Cisco to 'Bring Sex' to Marketing Campaign (Update2)
(Story updated with additional comments from John Chambers on Cisco's acquisition strategy, as well as the company's closing price.)
"You will see us launch on Monday a different positioning for Cisco," CEO John Chambers said during a keynote presentation at the company's financial analyst event in New York on Friday.
The campaign will focus on TV and digital ads, and involve "augmented reality," according to the CEO, who said it will "bring sex" to the company's marketing efforts, much to the audience's amusement. "Sex, in terms of excitement," he quickly qualified, laughing.
Cisco recently delivered robust fiscal first-quarter results , dodging the economic woes that have hurt tech heavyweights such as IBM (IBM) and Intel (INTC) . The San Jose, Calif.-based firm also offered bullish guidance, boosted by a push into recurring revenue areas such as software and services.
Software, in particular, was a big theme during the analyst meeting. "Software today is about $6 billion in standalone revenue," Chambers said during his presentation. "We want to double that over the next three to five years."

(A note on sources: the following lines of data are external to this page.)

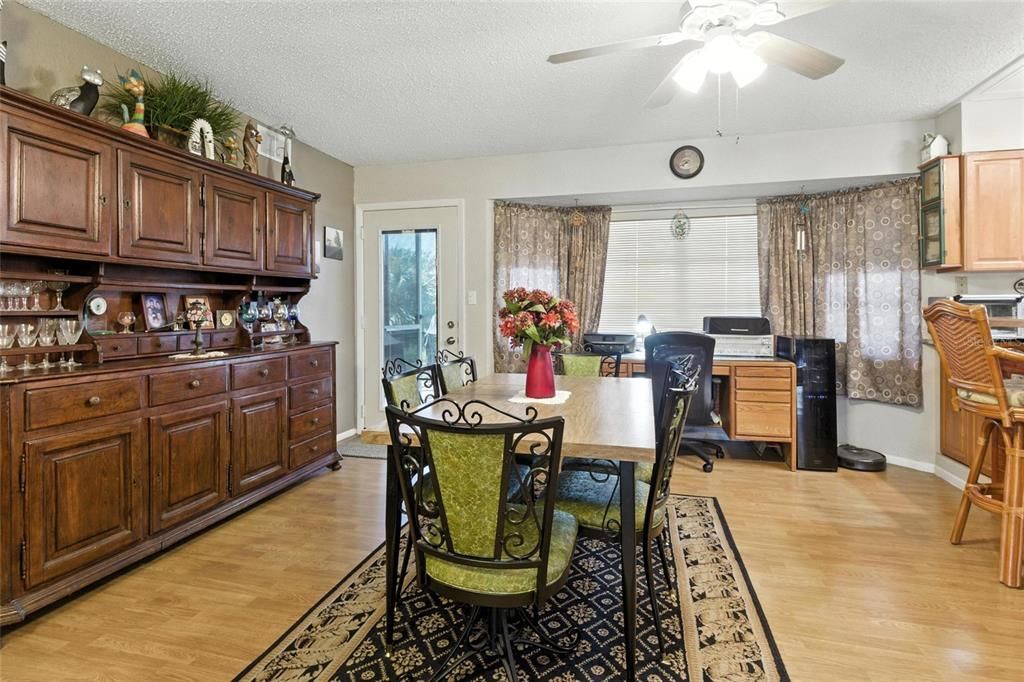 Activo con contrato: $369,900 (4 camas, 3 baños, 2206 Pies cuadrados)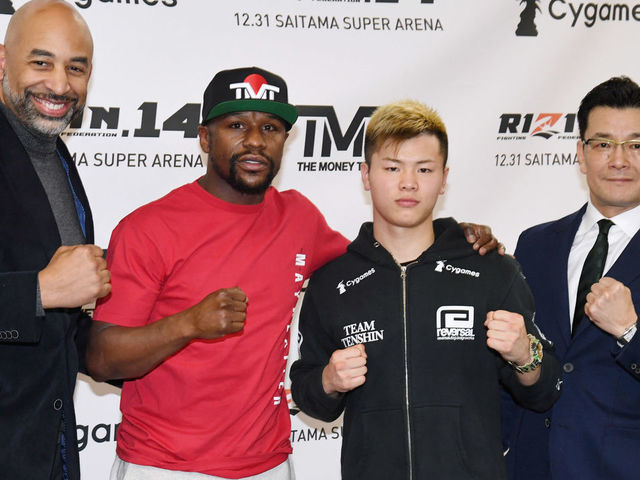 LAS VEGAS, NEVADA - DECEMBER 06: (L-R) Managing Partner & CEO of ONE Entertainment Brent A. Johnson, Floyd Mayweather Jr., Tenshin Nasukawa and RIZIN Fighting Federation President Nobuyuki Sakakibara pose during a news conference at the Mayweather Boxing Club on December 6, 2018 in Las Vegas, Nevada. Mayweather and Nasukawa will meet in a three-round boxing exhibition at Saitama Prefecture Super Arena in Saitama, Japan on December 31, 2018.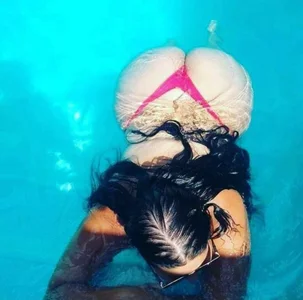 Lola-Zingara Public Pic 7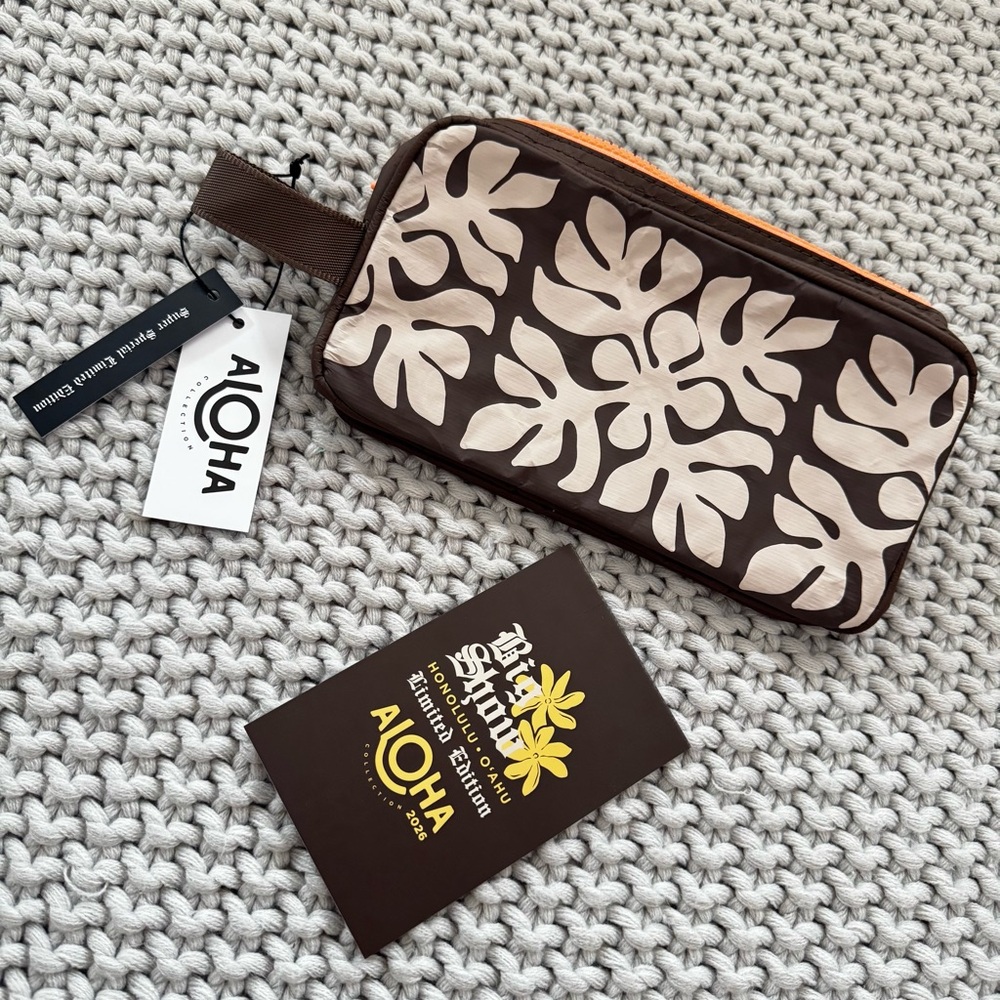 Aloha Collection• Super Special Limited Edition APPLIQUÉ DOPP KIT Coconut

The CEO, however, said Cisco will also use software as the launch pad to sell its core networking products. "We will absolutely embrace software, but it will be software with ASICs and hardware," he added. "We will support any device -- it doesn't matter if it's Apple (AAPL) , Microsoft (MSFT) or RIM (RIMM) ."

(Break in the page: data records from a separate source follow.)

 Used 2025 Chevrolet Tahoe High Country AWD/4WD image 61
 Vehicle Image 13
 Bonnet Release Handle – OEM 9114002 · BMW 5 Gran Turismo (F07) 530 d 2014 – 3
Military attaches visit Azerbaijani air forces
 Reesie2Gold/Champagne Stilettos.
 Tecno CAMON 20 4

Chambers returned repeatedly to cloud computing during his keynote, saying Cisco products are deployed within most private clouds.

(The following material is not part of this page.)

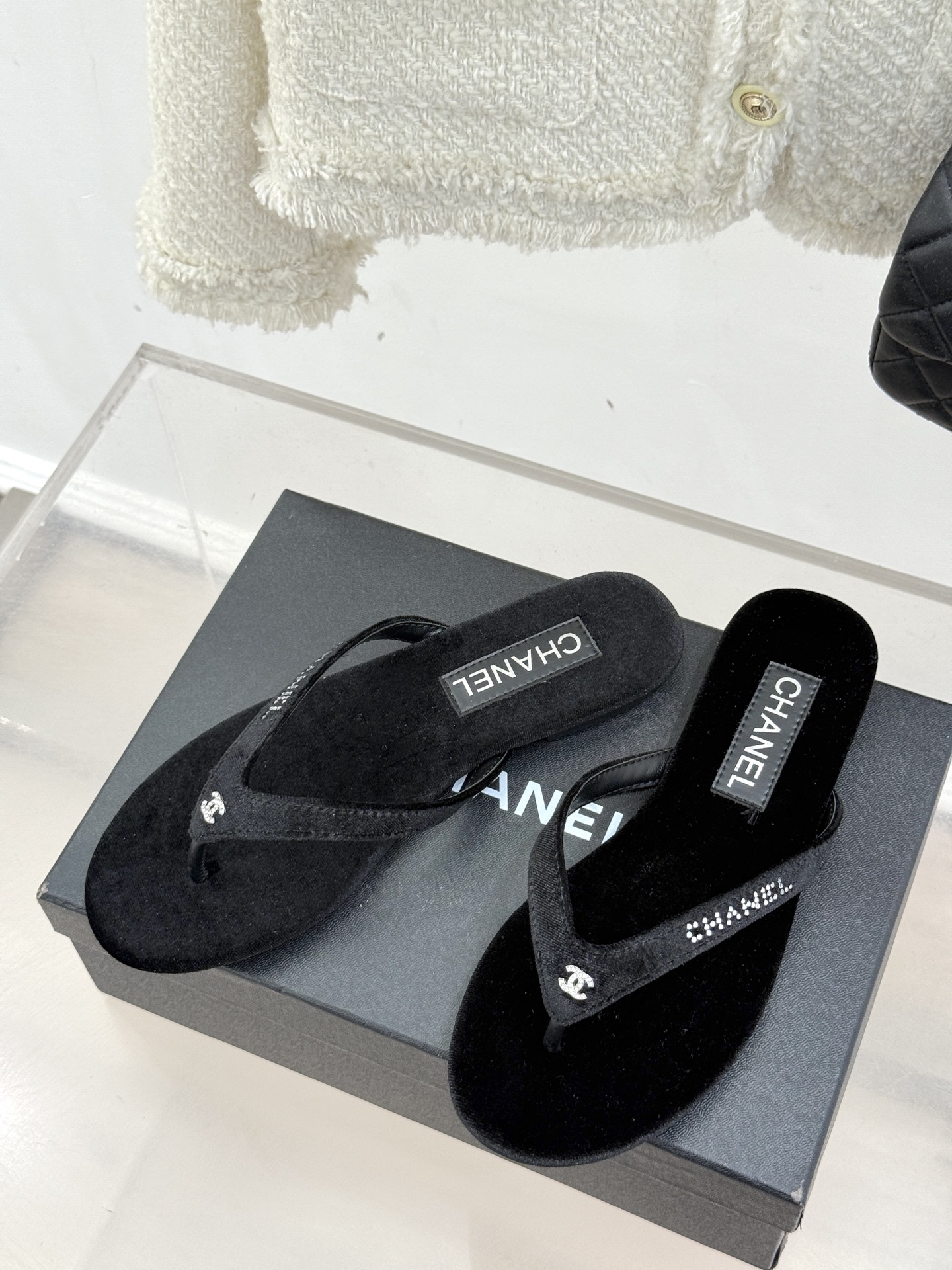 
CHANEL THONGS是25C春夏
秀场水钻字母夹脚人字拖
夏天的人字拖莫名让人感到自由
带子镶嵌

"Out of our last 10 acquisitions, nine out of the 10 either did cloud and/or software -- you can see where we're going," he said.
Recent Cisco acquisitions include a $1.2 billion deal for privately held cloud networking specialist Meraki and its $125 million purchase of management specialist Cloupia.
Chambers, during a question-and-answer session with analysts, said Cisco will be opening its wallet for significant, but not too sizable, acquisitions.
"We have gone too long without any major M&A," he said, pointing to its $2.9 billion acquisition of Starent and $3.4 billion deal for Tandberg, which took place in 2009 and 2010, respectively.
The Cisco chief said that, while Cisco has made smaller, strategic acquisitions, the hiatus from bigger deals has shaved about 1% off the company's revenue.
"You will see us more active," he said. "I am not saying that we will buy someone for $20 billion."
Chambers clarified his comments during a separate question and answer session with journalists, defining a large acquisition as one "in the $5 billion to $7 billion" range.
"We just really don't believe in large acquisitions," he said, adding that the $1.2 billion Meraki deal was "ideal" for Cisco.